RECORDS SHOWN –
Start of Block
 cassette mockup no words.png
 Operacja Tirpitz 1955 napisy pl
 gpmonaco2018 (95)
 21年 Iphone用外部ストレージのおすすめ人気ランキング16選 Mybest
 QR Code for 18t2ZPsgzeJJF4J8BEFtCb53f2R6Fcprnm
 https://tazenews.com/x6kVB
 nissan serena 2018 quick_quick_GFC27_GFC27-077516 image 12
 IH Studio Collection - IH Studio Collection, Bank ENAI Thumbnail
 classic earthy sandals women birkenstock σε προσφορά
End of Block
Start of Block
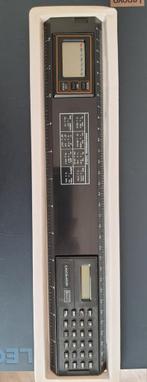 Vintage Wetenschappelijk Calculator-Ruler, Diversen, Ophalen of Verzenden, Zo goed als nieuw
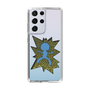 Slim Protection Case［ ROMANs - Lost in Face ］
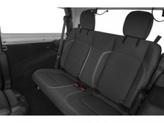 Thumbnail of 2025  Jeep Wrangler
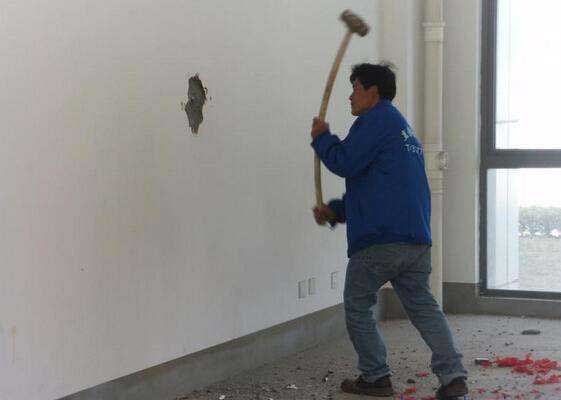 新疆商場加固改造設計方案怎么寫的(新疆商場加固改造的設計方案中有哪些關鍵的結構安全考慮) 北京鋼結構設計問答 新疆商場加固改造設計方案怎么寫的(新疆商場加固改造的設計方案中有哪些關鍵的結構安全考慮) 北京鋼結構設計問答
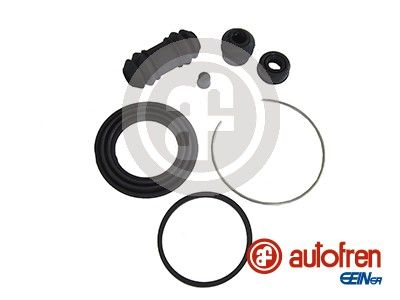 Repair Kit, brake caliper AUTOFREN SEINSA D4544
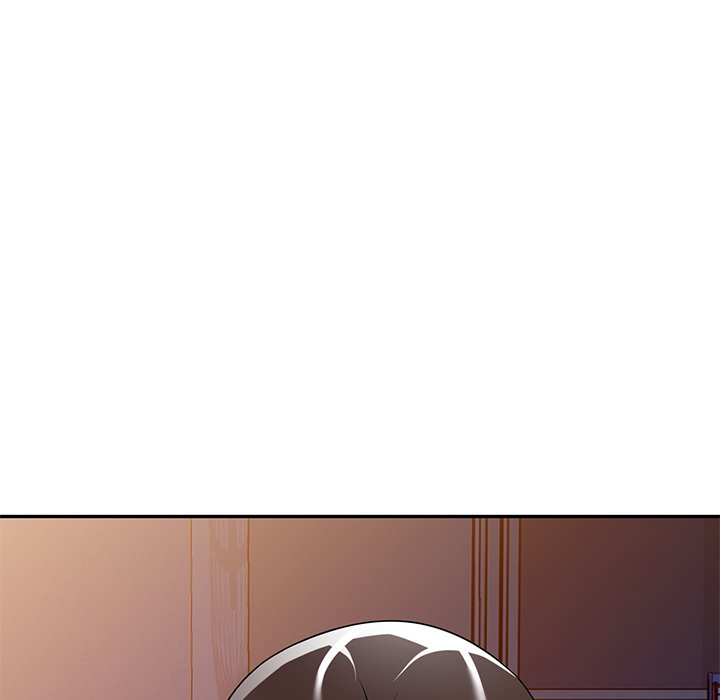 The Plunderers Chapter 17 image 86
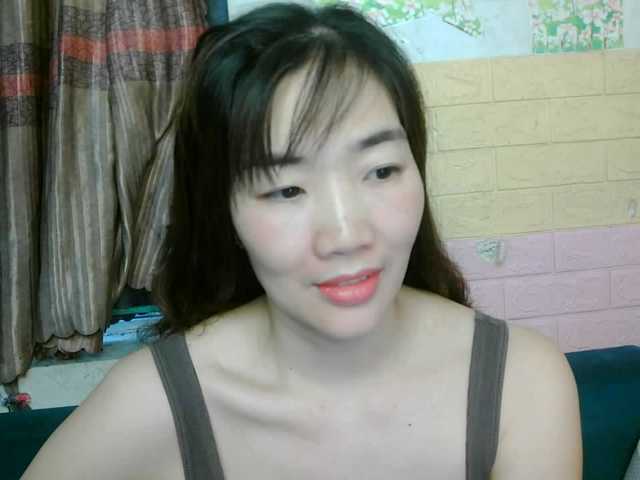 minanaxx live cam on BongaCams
End of Block
Start of Block
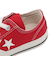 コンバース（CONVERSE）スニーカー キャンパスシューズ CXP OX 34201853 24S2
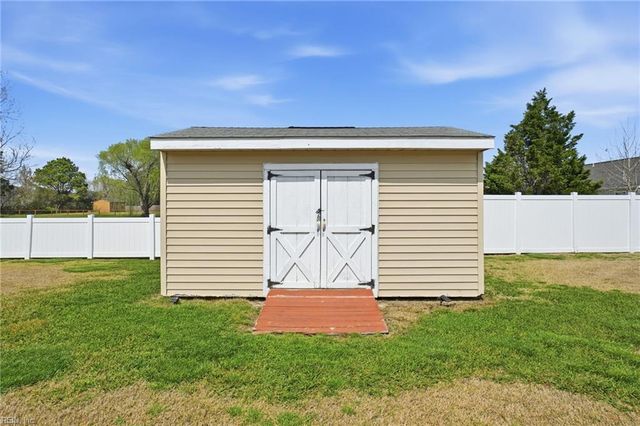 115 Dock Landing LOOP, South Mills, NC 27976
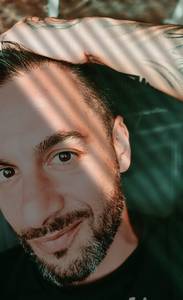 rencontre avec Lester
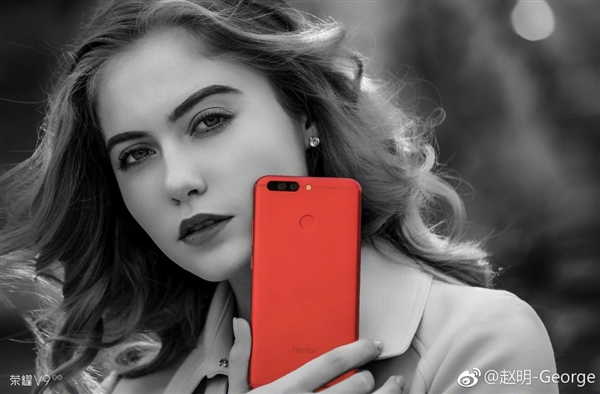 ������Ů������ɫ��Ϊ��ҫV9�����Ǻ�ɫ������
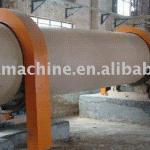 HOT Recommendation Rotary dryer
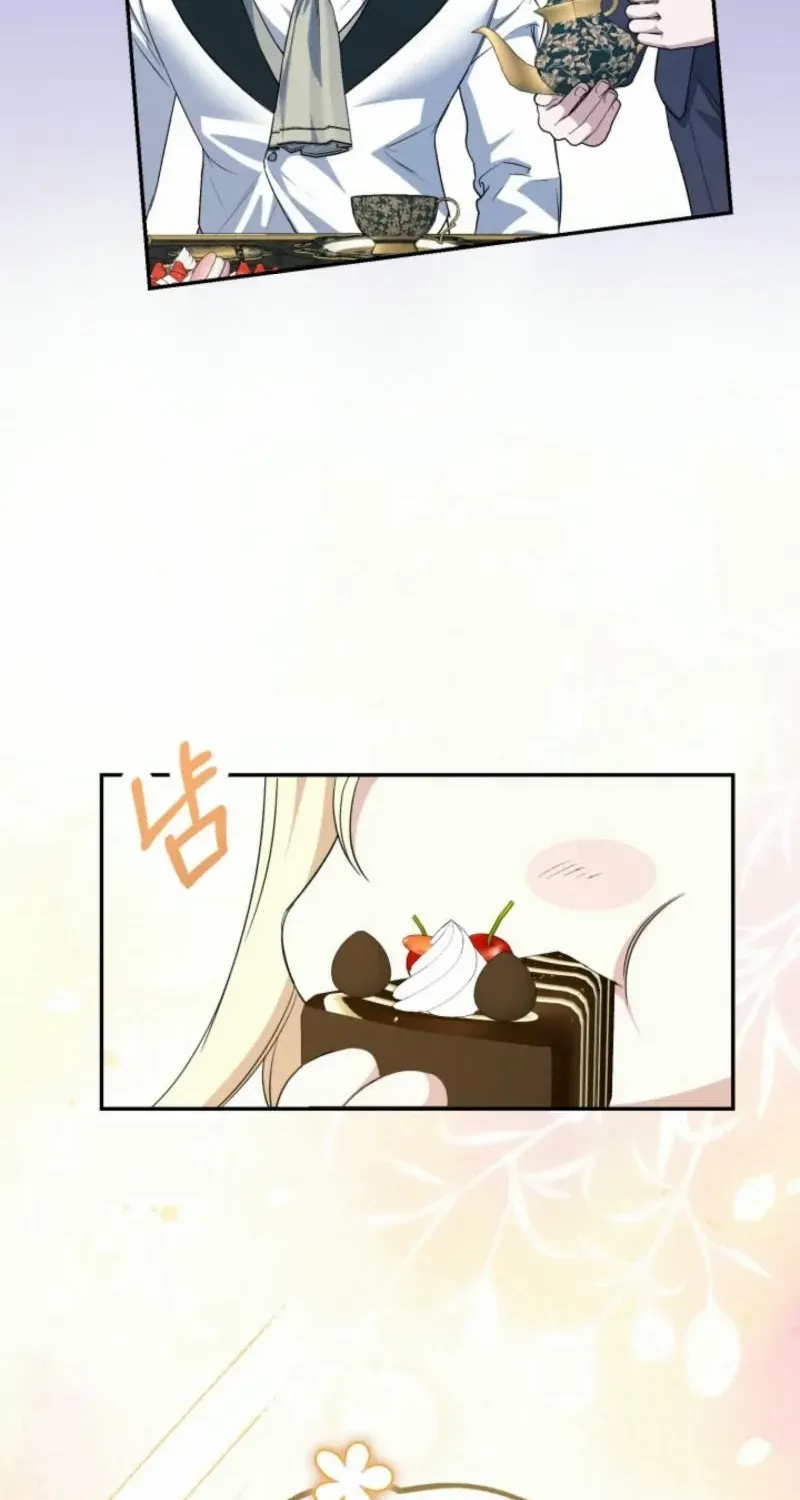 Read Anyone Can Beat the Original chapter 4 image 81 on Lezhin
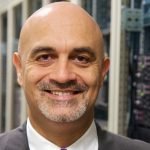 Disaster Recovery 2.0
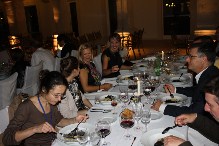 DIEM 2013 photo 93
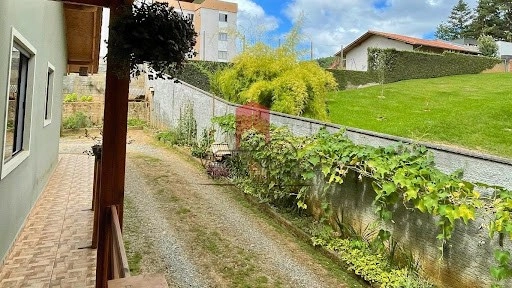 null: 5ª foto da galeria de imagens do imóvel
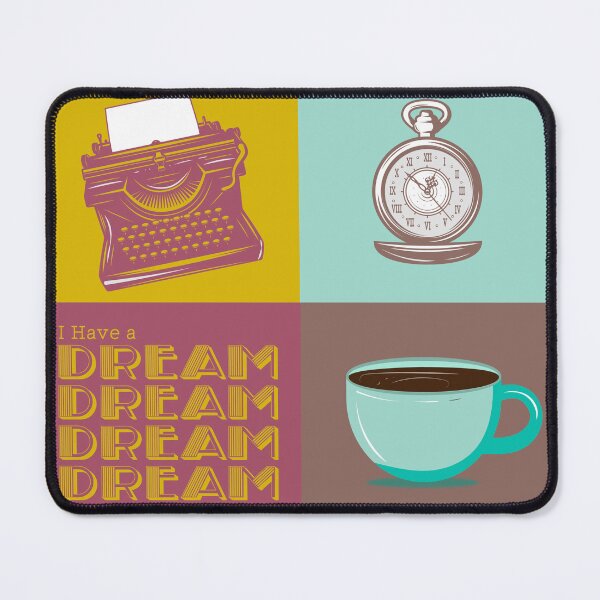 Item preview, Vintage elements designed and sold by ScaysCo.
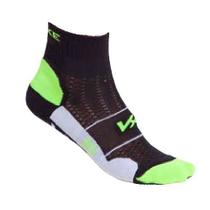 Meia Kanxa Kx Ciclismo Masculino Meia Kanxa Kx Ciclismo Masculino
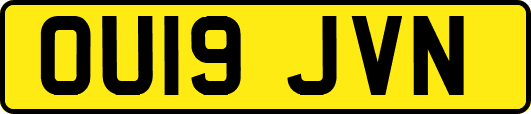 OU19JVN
End of Block
DIRECTIONS –
From the records above, extract the lines from the one holding "北京鋼結構設計問答 新疆商場加固改造設計方案怎么寫的(新疆商場加固改造的設計方案中有哪些關鍵的結構安全考慮) 北京鋼結構設計問答" through the one holding "minanaxx live cam on BongaCams", word for word; omit the pictures.

WRITTEN RESPONSE –
 新疆商場加固改造設計方案怎么寫的(新疆商場加固改造的設計方案中有哪些關鍵的結構安全考慮) 北京鋼結構設計問答 新疆商場加固改造設計方案怎么寫的(新疆商場加固改造的設計方案中有哪些關鍵的結構安全考慮) 北京鋼結構設計問答
 Repair Kit, brake caliper AUTOFREN SEINSA D4544
 The Plunderers Chapter 17 image 86
 minanaxx live cam on BongaCams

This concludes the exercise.